January 14, 2010
Surely you remember Merrill Lynch. Founded in 1914 by Charles Merrill and Edmund Lynch, it prospered well for 94 years. Then in 2008 it went bust and was purchased by Bank of America using taxpayer money. The man at the helm before and during its bust was John Thain. How can one forget him?! He may be most remember for his excesses on his office at Merrill. As Chairman and CEO of Merrill, he went with the company to BofA, but left under duress (he got fired!) in early 2009. Well, he’s baaaaaaaack!
CNBC reports that Thain is in talks to take over the head of CIT Group. CIT, you may remember, just emerged from bankruptcy, a bankruptcy that wiped out $2.33 billions of TARP funds from the taxpayers.
Well, you know what they say — s**t always rises to the top; and this is living proof.

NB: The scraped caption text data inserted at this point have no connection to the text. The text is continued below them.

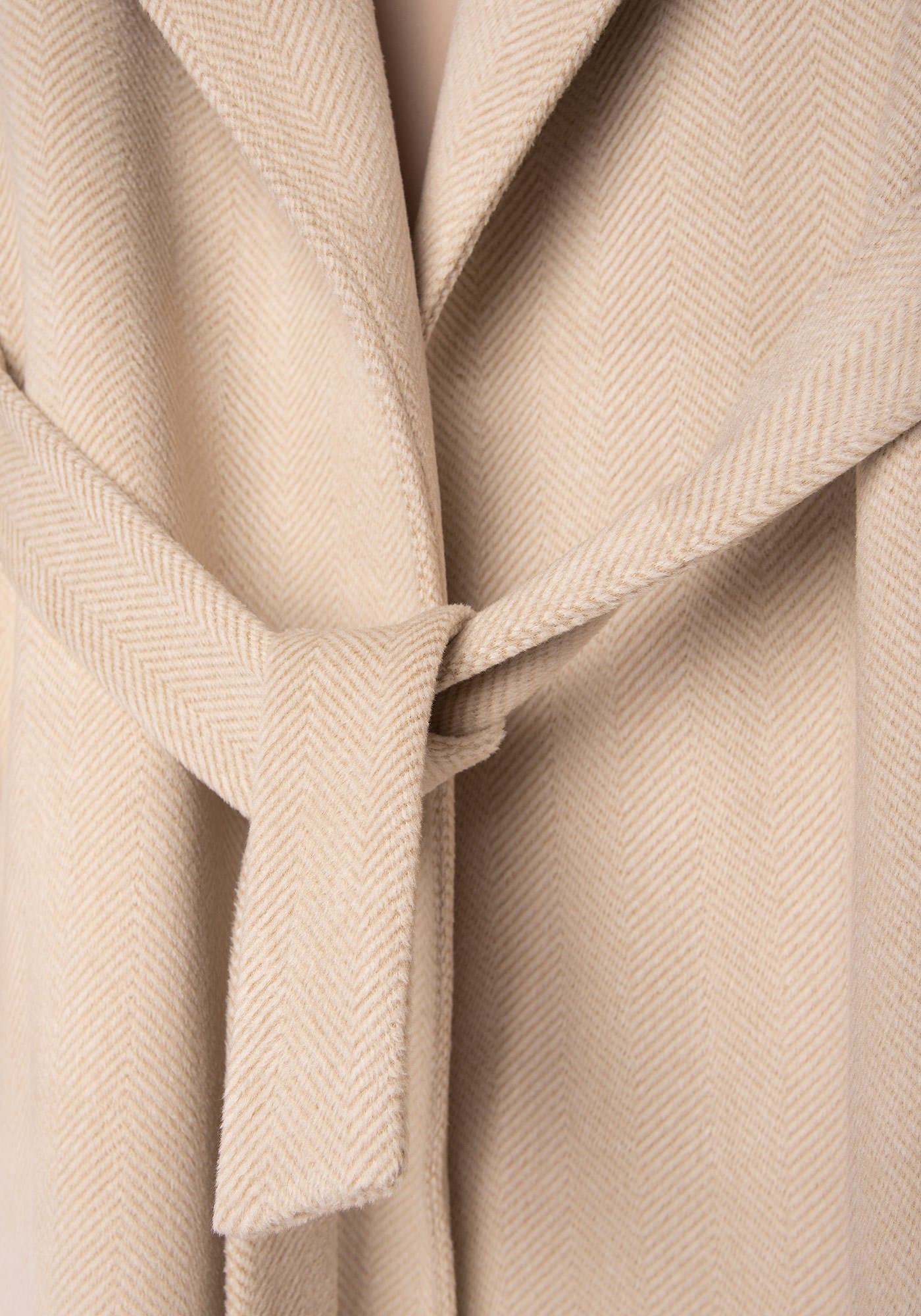 Дълго Дамско Палто със съдържание на Вълна в Бежово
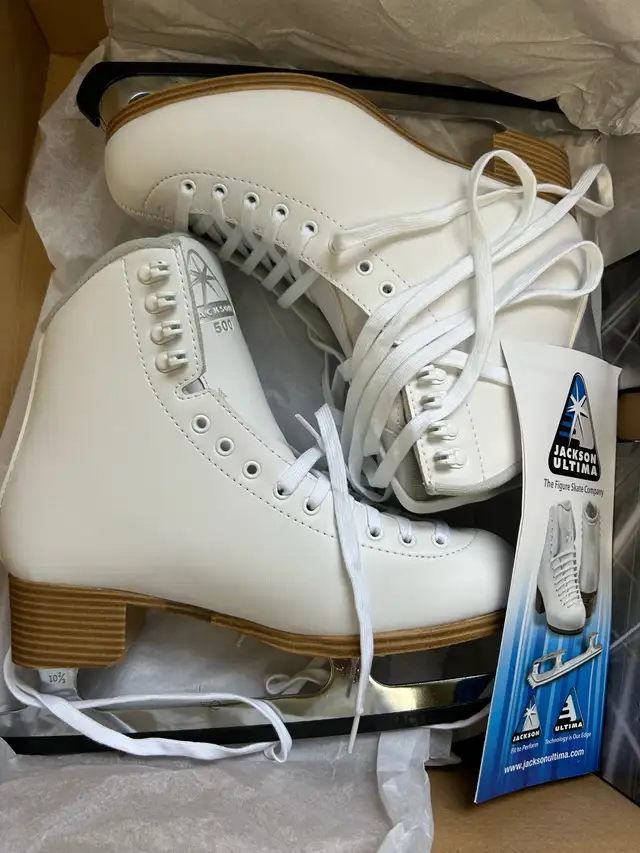 Jackson Ultima 500 Women’s Figure Skates in Skates & Blades in St. Catharines - Image 3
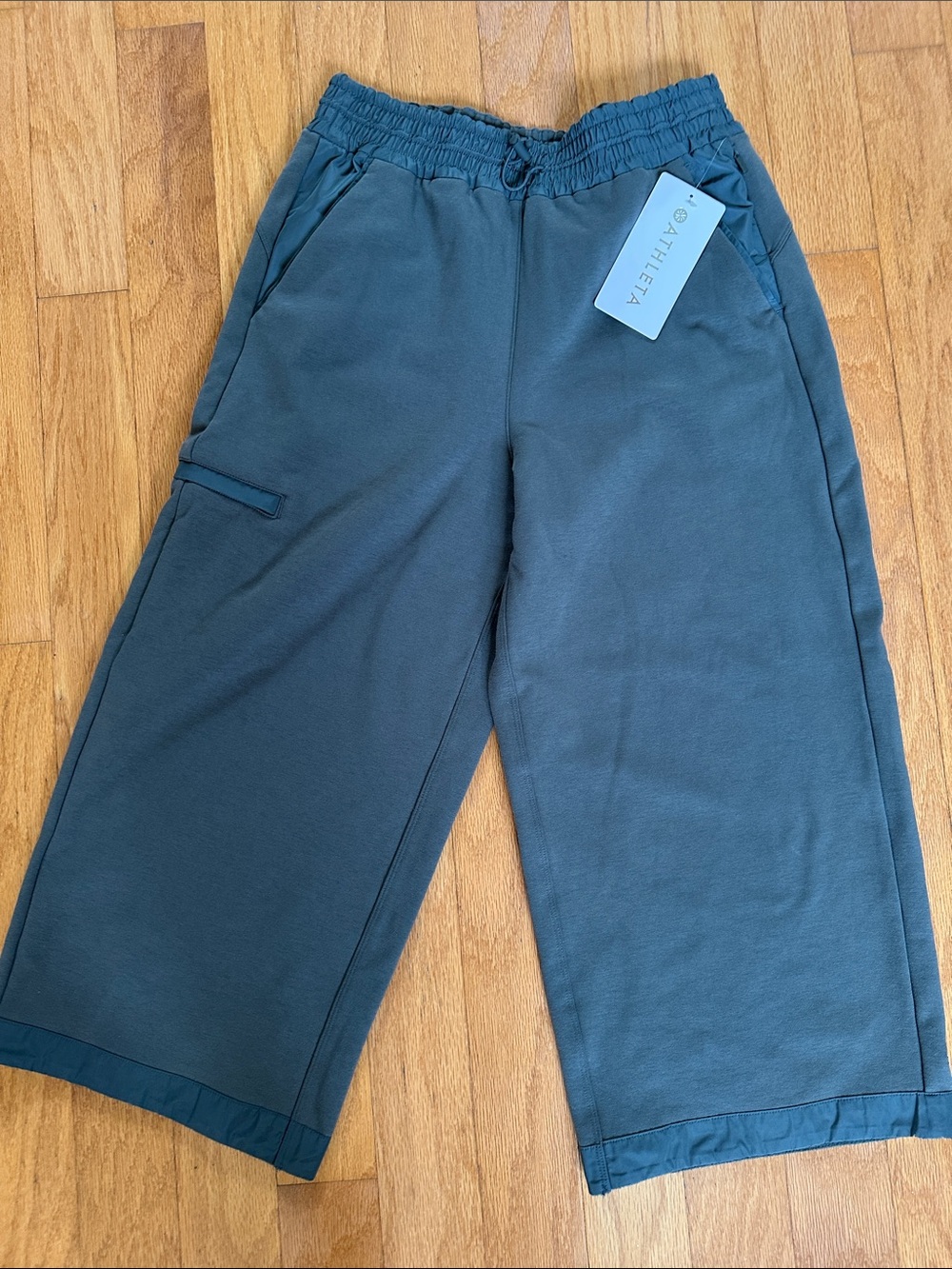 Athleta Wide-Leg Cropped Sweatpants - military green.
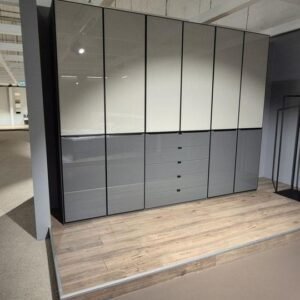 SHANGHAI 2 Kleiderschrank 3m Ausstellungsstück Wiemann by NIKO – Produktansicht 1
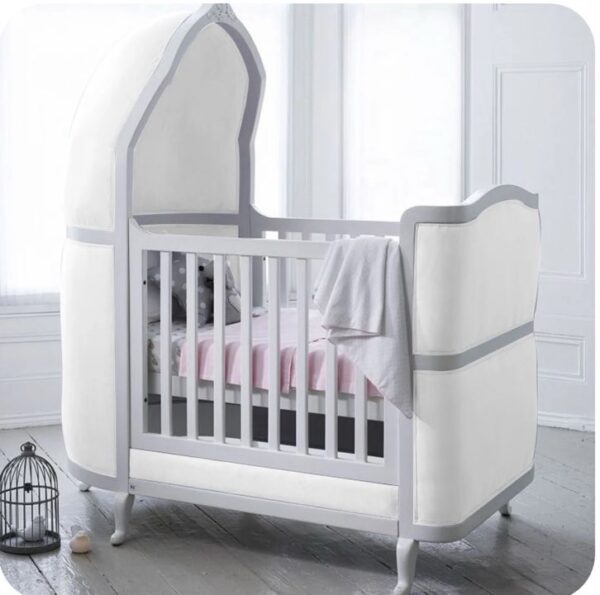 Beaufort hooded cot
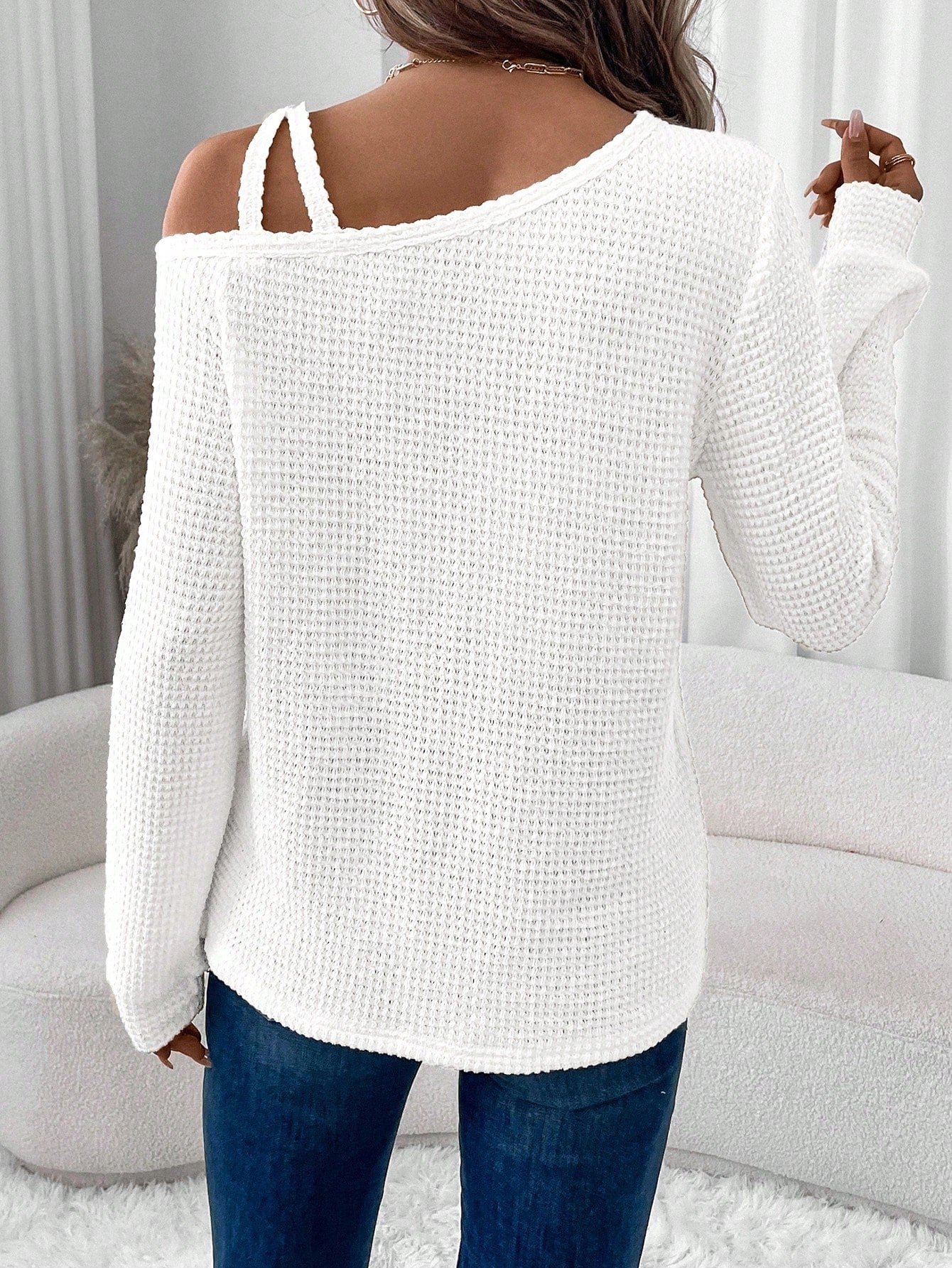 Camisa feminina com Gola Assimétrica - Estelle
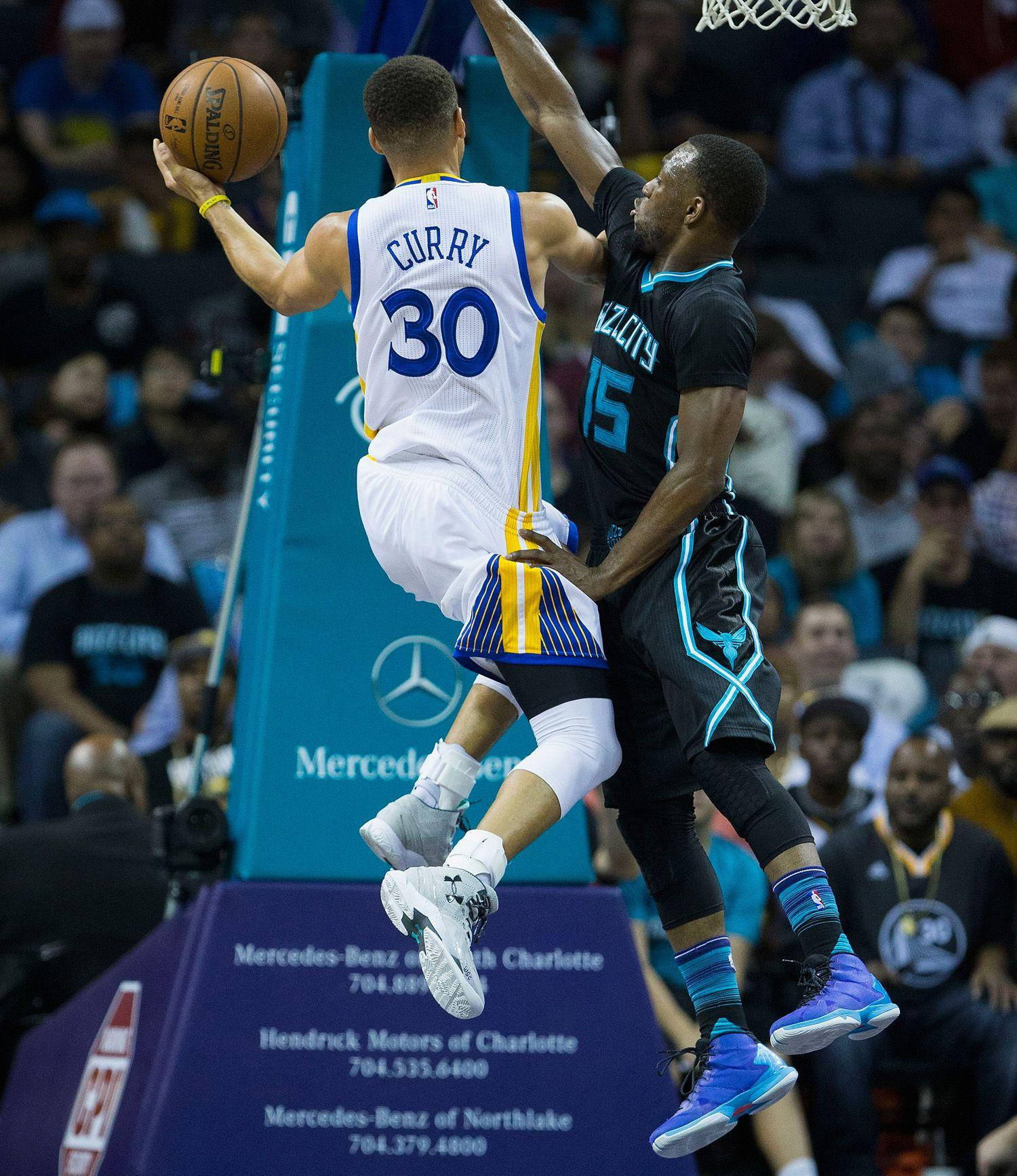 Kemba Walker Vs. Stephen Curry Wallpaper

It will, of course, be interesting to see what CIT looks like a year from now if Thain gets the job. Naturally he will — shall we say — behave himself in the beginning, but we can all rest assured his employment contract will be a very lucrative and unbreakable one. He went to Merrill for a package worth $64 million, plus a $15 million bonus for simply walking through the door on his first day. He was there about two years. Very nice “hourly” ($19,000) salary, wouldn’t you say?